Unlawful harassment is alive and well in the workplace. According to a report issued last year by a Select Task Force of the Equal Employment Opportunity Commission (“EEOC”) on the Study of Harassment in the Workplace (the “Task Force Report”), almost one third of all charges received by the EEOC in 2015 included an allegation of workplace harassment, and the EEOC believes that many cases of workplace harassment go unreported.
Workplace harassment is not only unlawful, but it is also expensive. The direct costs incurred for investigations, litigation and damages may be dwarfed by the indirect costs tied to harassment complaints, which can include decreased productivity, increased turnover, and reputational damage. Employers must therefore understand what harassment is and what their obligations are when they are faced with a harassment complaint.
What is Unlawful Harassment?
Harassment is a form of employment discrimination that violates one or more of the federal laws that the EEOC enforces—that is, Title VII of the Civil Rights Act of 1964, the Age Discrimination in Employment Act of 1967, and/or the Americans with Disabilities Act of 1990. More specifically, harassment is unwelcome conduct that is based on race, color, religion, sex (including pregnancy and, according to the EEOC, gender identity and sexual orientation), national origin, disability, age or genetic information. While petty slights, annoyances, and isolated incidents ordinarily do not constitute unlawful harassment (unless they are extremely serious), conduct based on one or more protected classifications becomes unlawful when enduring the conduct becomes a condition of continued employment, or when the conduct is severe or pervasive enough to create a work environment that a reasonable person would consider intimidating, hostile, or abusive.

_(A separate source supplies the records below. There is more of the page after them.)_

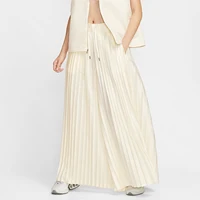 Pantalon plissé à lacets taille mi-haute ample et simple pour femme Nike authentique 2025 HJ0521-133 1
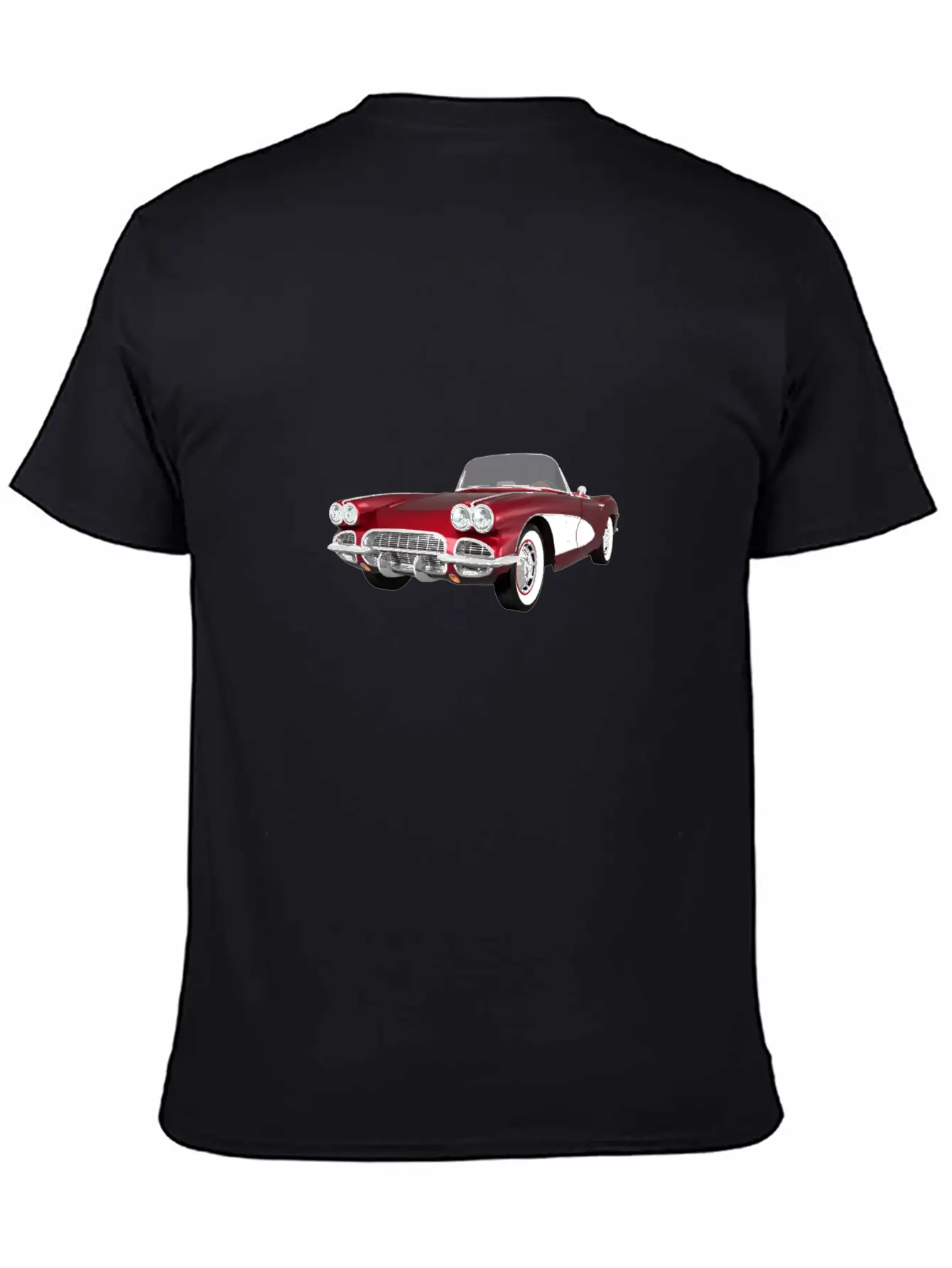 1961 Corvette C1 Simple Everyday Graphic Tee – Lightweight Summer Wear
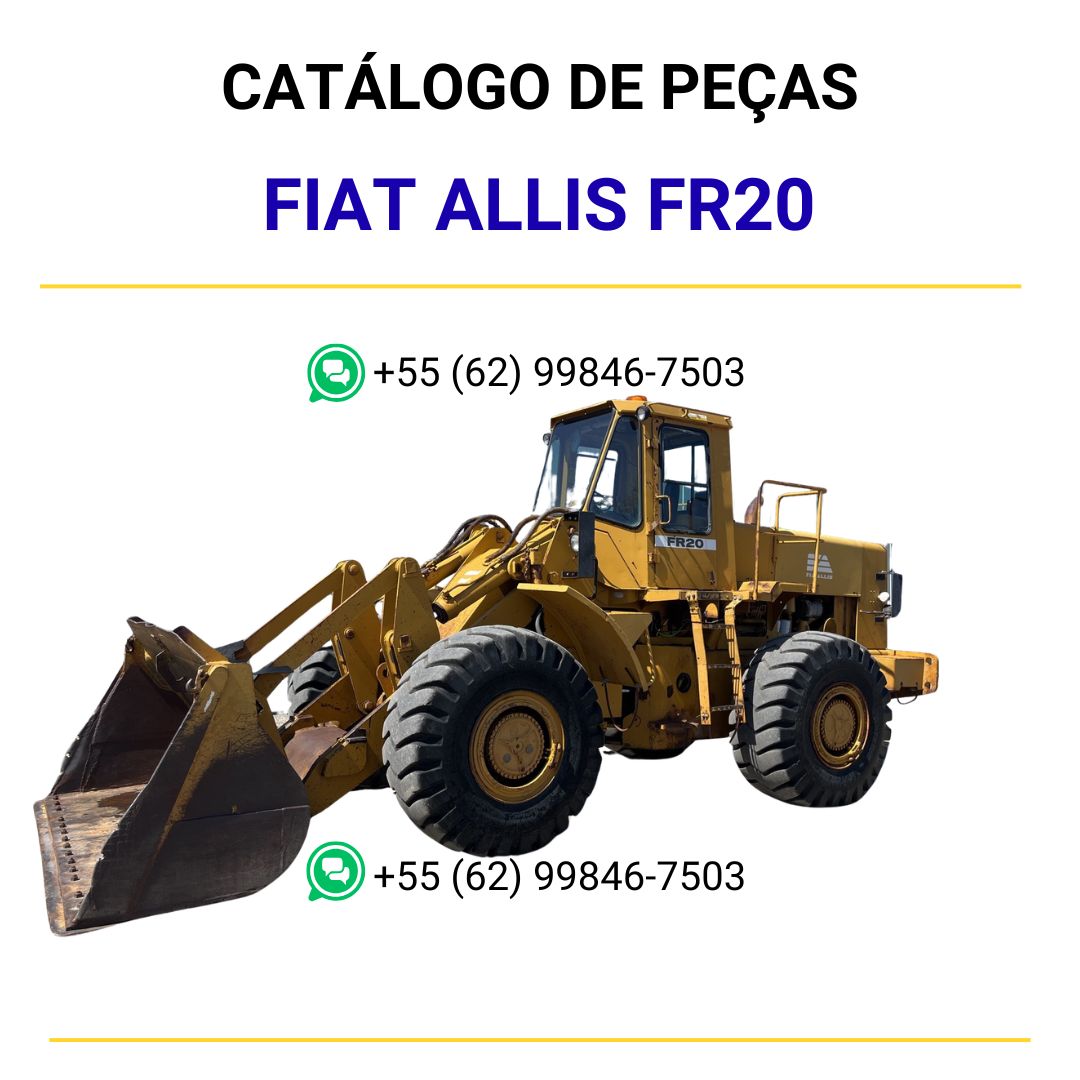 catalago de pecas retroescavadeira FR20 fiat allis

State law may cover additional protected classes. In Connecticut, for example, it is also unlawful to discriminate on the basis of marital status and ancestry. Moreover, Connecticut law explicitly bars discrimination on the basis of sexual orientation and gender identity or expression, so even if the EEOC’s position that Title VII prohibits such discrimination is rejected by the courts, such discrimination will remain illegal in Connecticut.
When is an Employer Liable for Harassment?
The EEOC recently released for public comment a proposed enforcement guidance on unlawful harassment (the “Proposed Guidance”) as a companion to the Task Force Report. The Proposed Guidance summarizes, with examples, the applicable standards of employer liability for workplace harassment based on the level and kind of authority the employer gives the harasser to act on its behalf.
- If the harasser is the employer’s “alter ego” (that is, an individual of sufficiently high rank that his or her actions speak for the employer, such as a sole proprietor or corporate officer), the employer is automatically liable for the harassment and has no defense.
- If the harasser is a supervisor:
And the harassment results in a negative employment action such as termination, demotion or failure to promote, the employer is automatically liable and has no defense.
And the harassment does not result in a negative employment action, the employer can avoid liability only if it can prove that: (1) it acted reasonably to prevent and promptly correct the harassment; and (2) the complaining employee unreasonably failed to use the employer’s complaint procedure or to take other steps to avoid or minimize harm from the harassment.
- If the harasser is a non-supervisory employee or a non-employee over whom the employer has control (such as an independent contractor or customer), the employer will be liable if it failed to act reasonably to prevent the harassment or if it failed to take reasonable corrective action in response to harassment about which it knew or should have known.
Proactive Steps to Prevent and Correct Harassment
The Task Force Report identifies five core principles that it has found to be generally effective in addressing harassment:
- Committed and engaged leadership;
- Consistent and demonstrated accountability;
- Strong and comprehensive harassment policies;
- Trusted and accessible complaint procedures; and
- Regular, interactive training tailored to the audience and the organization.
The Proposed Guidance discusses each of these principles and offers what it terms “promising practices” that employers can adopt to prevent and respond to workplace harassment.
Comment Period on the Proposed Guidance
The EEOC recently extended the public comment period on the Proposed Guidance until March 21, 2017. You can view comments already submitted or submit your own comments at regulations.gov. After reviewing the public input, the EEOC will consider appropriate revisions to the Proposed Guidance before finalizing it.